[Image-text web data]
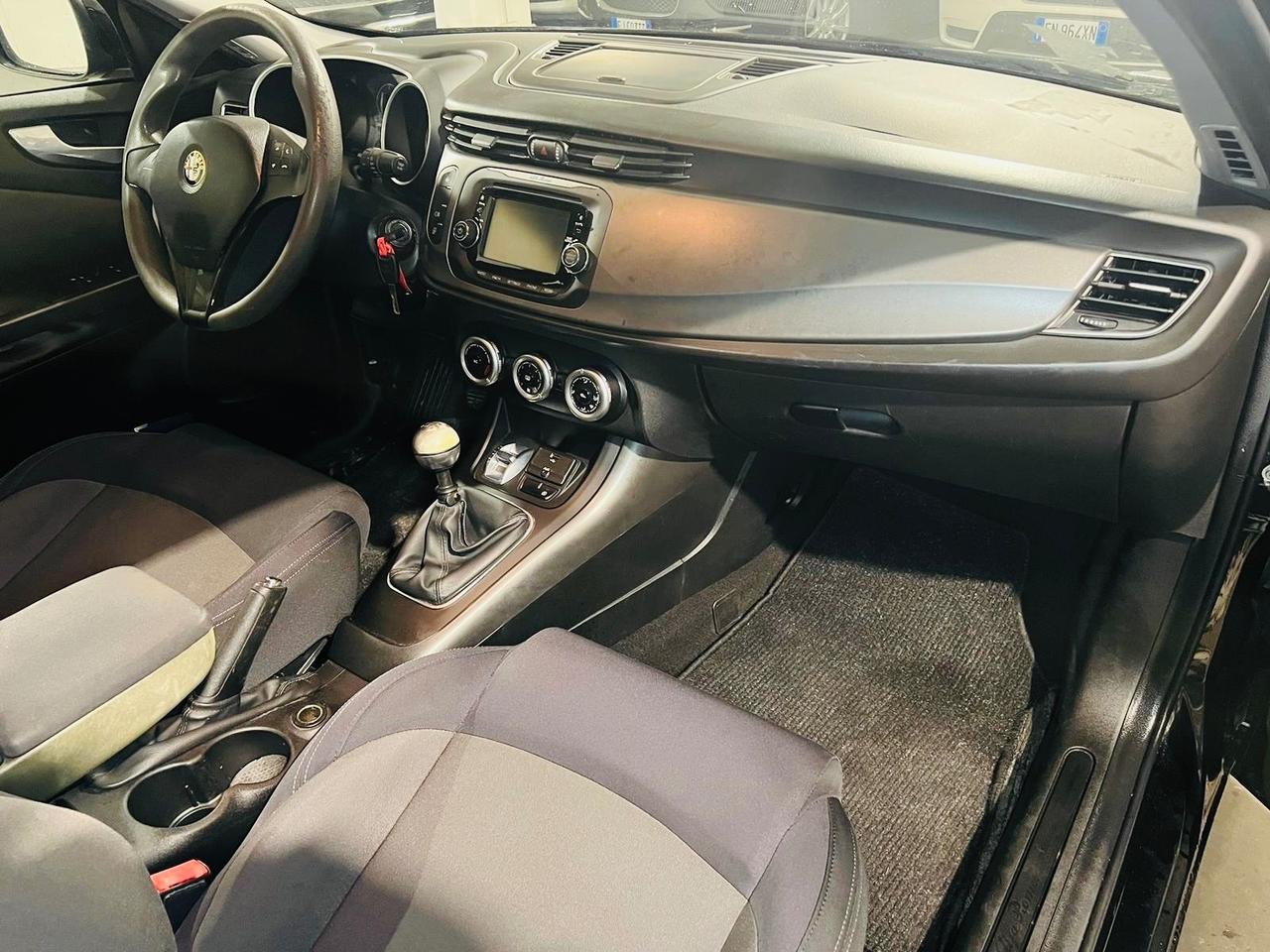 Alfa Romeo Giulietta 1.6 JTDm-2 105 CV Distinctive*NEOPATENTATI*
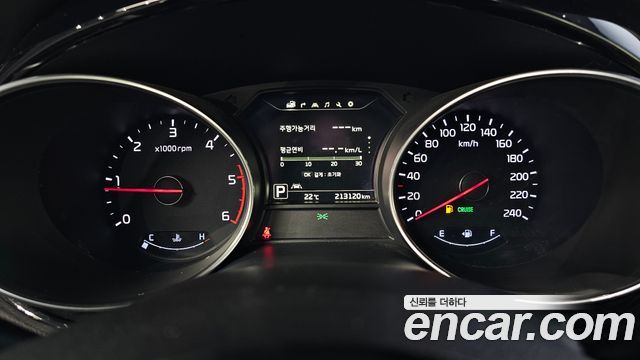 Kia Canival 2015 — photo 11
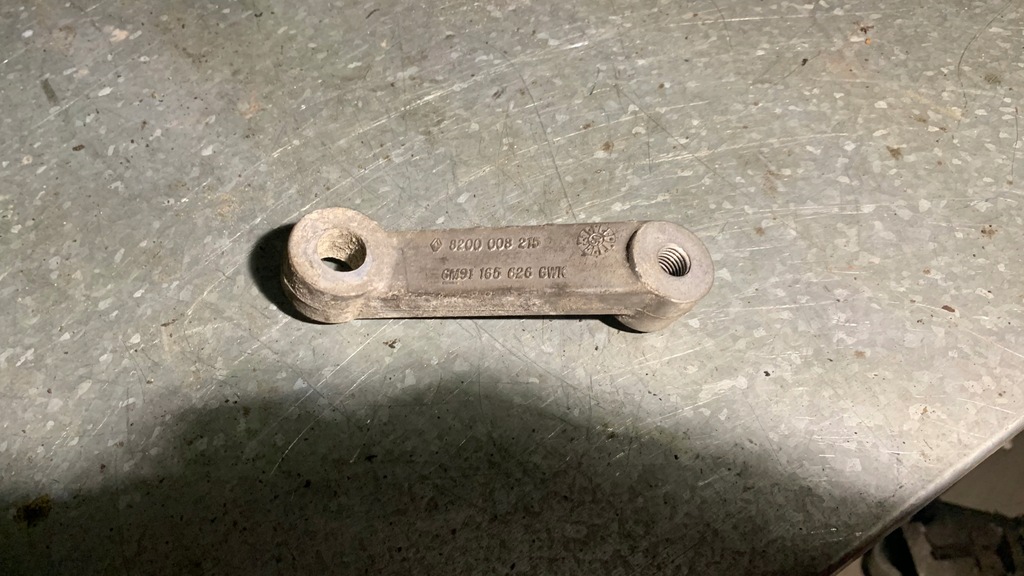 фото №7, Renault trafic opel vivaro ii кронштейн кронштейн подушка двигуна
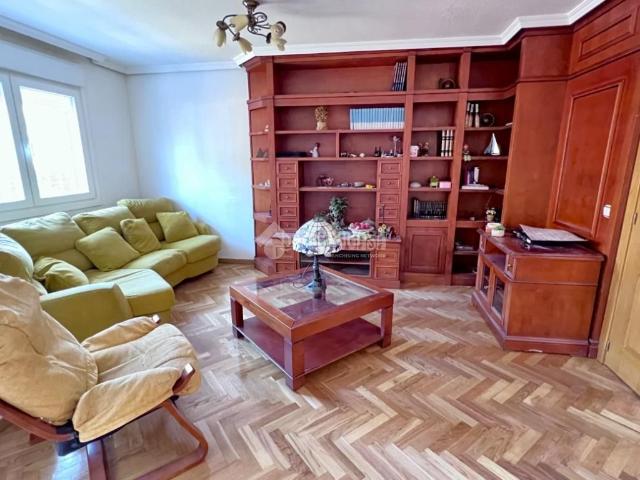 Casa pareada en venta en Alcalá de Henares, Ensanche. Casa en venta en Alcalá de henares. Casas pareadas Alcalá de.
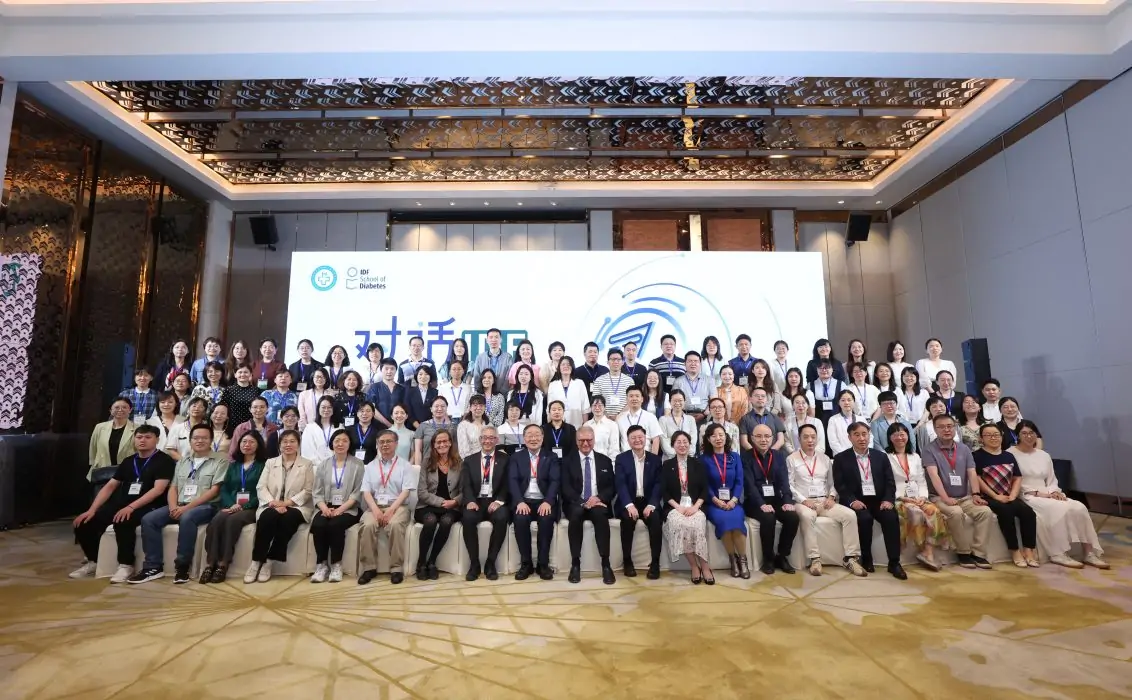 Foto de expertos en diabetes en la formación para expertos en atención diabética en China en 2024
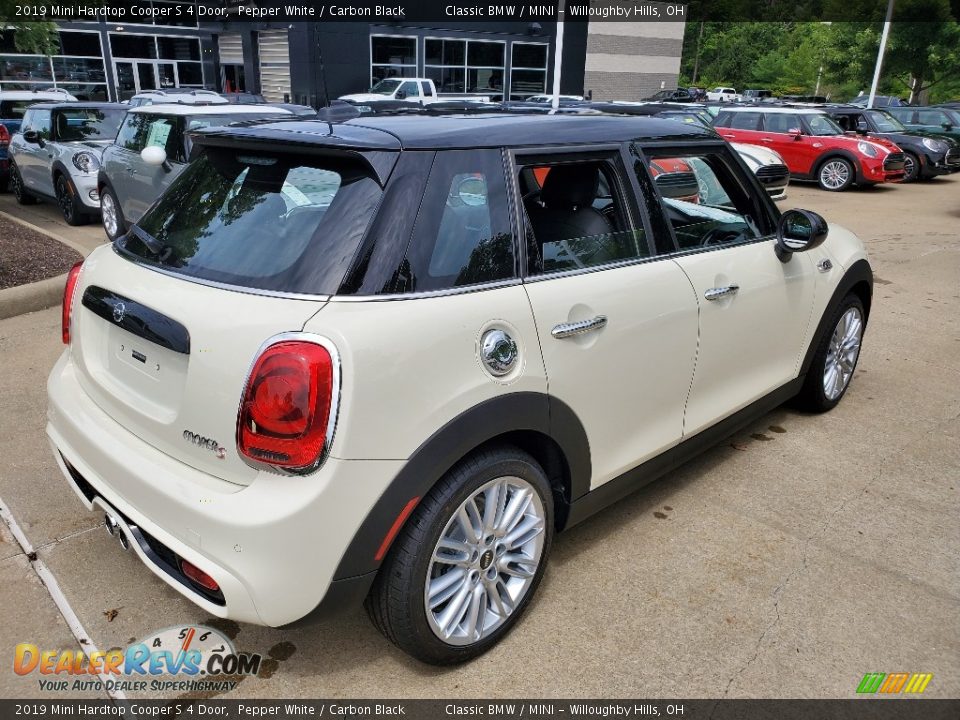 2019 Mini Hardtop Cooper S 4 Door Pepper White / Carbon Black Photo #2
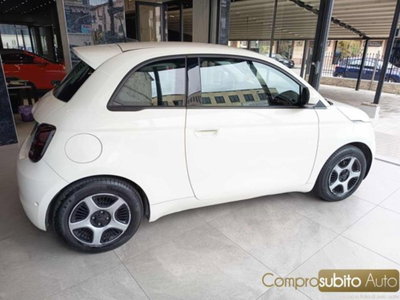 Fiat 500e La Prima Berlina 42 kWh (5)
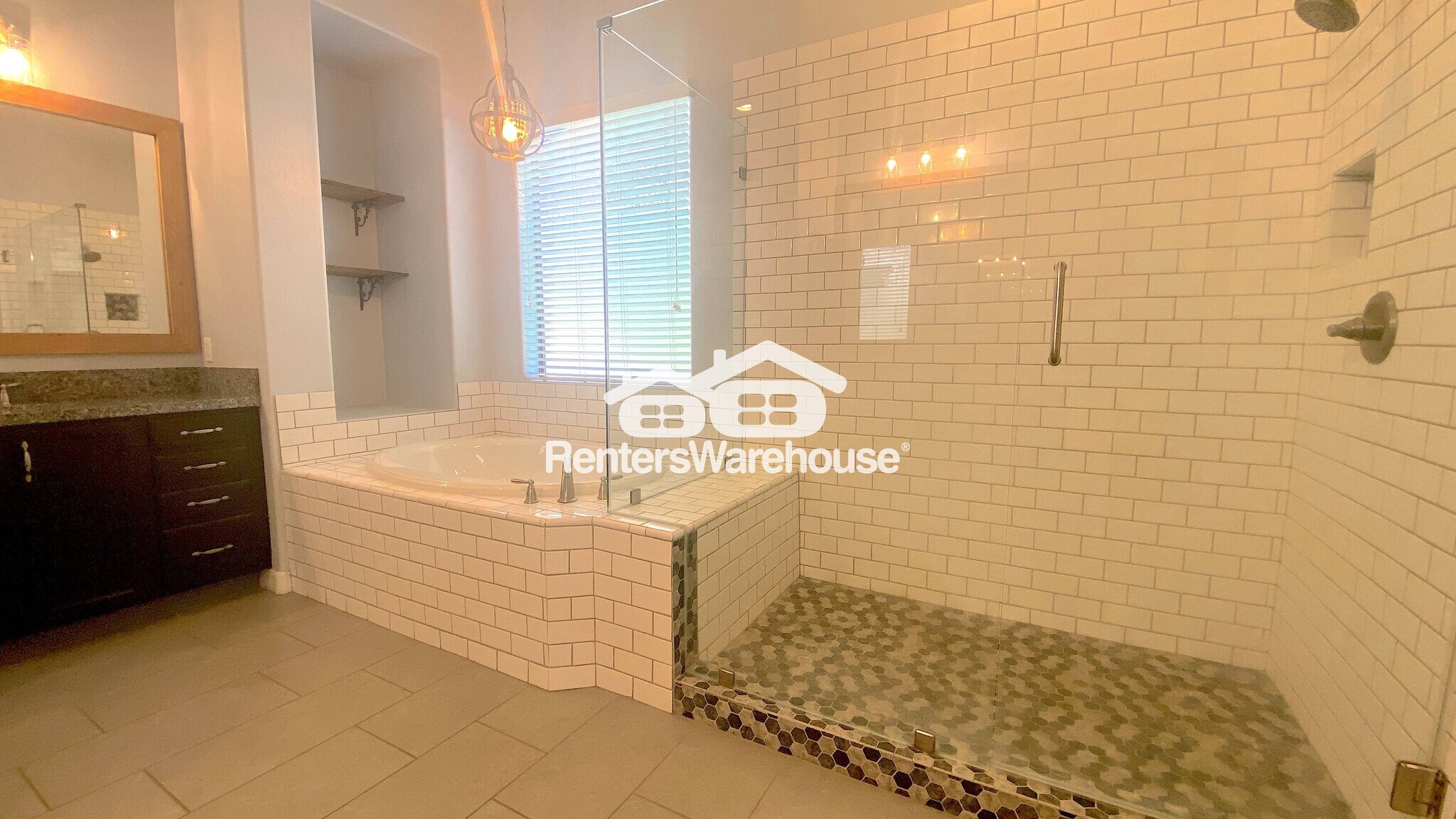 Building Photo - 19894 E Strawberry Dr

**AIM OF THE EXERCISE**
Excluding the pictures, output every entry above without alteration.

**SOLUTION TO THIS EXERCISE**
 Alfa Romeo Giulietta 1.6 JTDm-2 105 CV Distinctive*NEOPATENTATI*
 Kia Canival 2015 — photo 11
 фото №7, Renault trafic opel vivaro ii кронштейн кронштейн подушка двигуна
 Casa pareada en venta en Alcalá de Henares, Ensanche. Casa en venta en Alcalá de henares. Casas pareadas Alcalá de.
 Foto de expertos en diabetes en la formación para expertos en atención diabética en China en 2024
 2019 Mini Hardtop Cooper S 4 Door Pepper White / Carbon Black Photo #2
 Fiat 500e La Prima Berlina 42 kWh (5)
 Building Photo - 19894 E Strawberry Dr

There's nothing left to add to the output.